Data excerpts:
▬▬▬▬▬▬▬▬▬▬

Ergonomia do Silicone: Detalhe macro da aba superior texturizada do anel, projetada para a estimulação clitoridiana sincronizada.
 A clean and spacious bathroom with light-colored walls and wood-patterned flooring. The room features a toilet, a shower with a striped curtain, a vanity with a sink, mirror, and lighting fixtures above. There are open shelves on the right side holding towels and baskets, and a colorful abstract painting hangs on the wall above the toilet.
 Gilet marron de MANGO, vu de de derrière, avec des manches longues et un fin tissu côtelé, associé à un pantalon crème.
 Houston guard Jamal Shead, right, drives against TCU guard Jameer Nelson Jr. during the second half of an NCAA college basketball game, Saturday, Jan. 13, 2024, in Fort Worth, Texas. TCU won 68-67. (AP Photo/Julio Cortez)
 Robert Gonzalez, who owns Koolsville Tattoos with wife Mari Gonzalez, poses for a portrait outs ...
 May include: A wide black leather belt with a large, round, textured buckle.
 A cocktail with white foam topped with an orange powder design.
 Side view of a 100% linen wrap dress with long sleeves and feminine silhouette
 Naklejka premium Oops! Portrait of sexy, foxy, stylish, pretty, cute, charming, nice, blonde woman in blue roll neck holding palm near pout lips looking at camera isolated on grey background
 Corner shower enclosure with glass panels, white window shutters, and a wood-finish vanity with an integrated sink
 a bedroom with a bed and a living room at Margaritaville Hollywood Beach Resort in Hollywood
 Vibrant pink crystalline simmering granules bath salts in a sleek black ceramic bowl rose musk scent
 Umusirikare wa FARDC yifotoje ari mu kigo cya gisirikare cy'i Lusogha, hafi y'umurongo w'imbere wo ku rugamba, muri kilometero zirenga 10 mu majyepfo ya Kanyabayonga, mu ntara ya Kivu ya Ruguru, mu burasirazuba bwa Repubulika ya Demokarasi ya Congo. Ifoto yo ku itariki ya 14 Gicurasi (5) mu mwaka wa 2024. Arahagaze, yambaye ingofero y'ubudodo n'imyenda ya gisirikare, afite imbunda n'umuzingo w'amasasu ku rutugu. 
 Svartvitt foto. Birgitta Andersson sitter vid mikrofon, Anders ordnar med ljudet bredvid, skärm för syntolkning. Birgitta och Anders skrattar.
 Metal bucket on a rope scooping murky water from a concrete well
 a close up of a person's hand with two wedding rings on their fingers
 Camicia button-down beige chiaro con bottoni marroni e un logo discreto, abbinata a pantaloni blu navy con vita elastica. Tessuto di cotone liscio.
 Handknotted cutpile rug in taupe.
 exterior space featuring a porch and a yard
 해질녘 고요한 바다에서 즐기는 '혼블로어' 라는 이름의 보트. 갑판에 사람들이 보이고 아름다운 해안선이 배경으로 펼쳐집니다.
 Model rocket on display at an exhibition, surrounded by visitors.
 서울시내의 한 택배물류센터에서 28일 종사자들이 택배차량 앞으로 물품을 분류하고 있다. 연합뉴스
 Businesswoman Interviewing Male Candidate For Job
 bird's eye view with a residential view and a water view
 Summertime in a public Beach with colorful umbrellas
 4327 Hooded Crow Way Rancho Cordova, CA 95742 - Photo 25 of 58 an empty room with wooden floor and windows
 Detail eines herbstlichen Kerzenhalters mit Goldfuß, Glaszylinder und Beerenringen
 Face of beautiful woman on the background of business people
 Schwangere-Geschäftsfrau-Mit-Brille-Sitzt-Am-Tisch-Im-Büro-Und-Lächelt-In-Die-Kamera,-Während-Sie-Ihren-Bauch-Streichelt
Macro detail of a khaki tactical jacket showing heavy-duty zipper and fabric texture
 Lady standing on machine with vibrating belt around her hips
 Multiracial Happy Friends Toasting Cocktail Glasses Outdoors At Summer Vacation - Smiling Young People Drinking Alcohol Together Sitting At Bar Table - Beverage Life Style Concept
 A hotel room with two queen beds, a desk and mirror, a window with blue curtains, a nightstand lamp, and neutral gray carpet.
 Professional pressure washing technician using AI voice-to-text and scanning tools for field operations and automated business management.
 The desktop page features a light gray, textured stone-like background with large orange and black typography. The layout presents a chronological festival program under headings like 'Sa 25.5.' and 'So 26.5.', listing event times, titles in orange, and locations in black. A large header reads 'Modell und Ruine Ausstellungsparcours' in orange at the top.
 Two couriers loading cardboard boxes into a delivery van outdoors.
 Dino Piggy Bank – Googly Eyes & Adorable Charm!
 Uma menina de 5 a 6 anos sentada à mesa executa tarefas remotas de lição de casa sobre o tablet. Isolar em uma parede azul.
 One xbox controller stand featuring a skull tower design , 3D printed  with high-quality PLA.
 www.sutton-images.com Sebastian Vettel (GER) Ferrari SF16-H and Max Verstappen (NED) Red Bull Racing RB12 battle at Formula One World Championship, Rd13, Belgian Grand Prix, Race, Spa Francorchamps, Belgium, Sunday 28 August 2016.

▬▬▬▬▬▬▬▬▬▬

Find every line of the data above that holds the word "belt", then state how many there are and nothing else.

2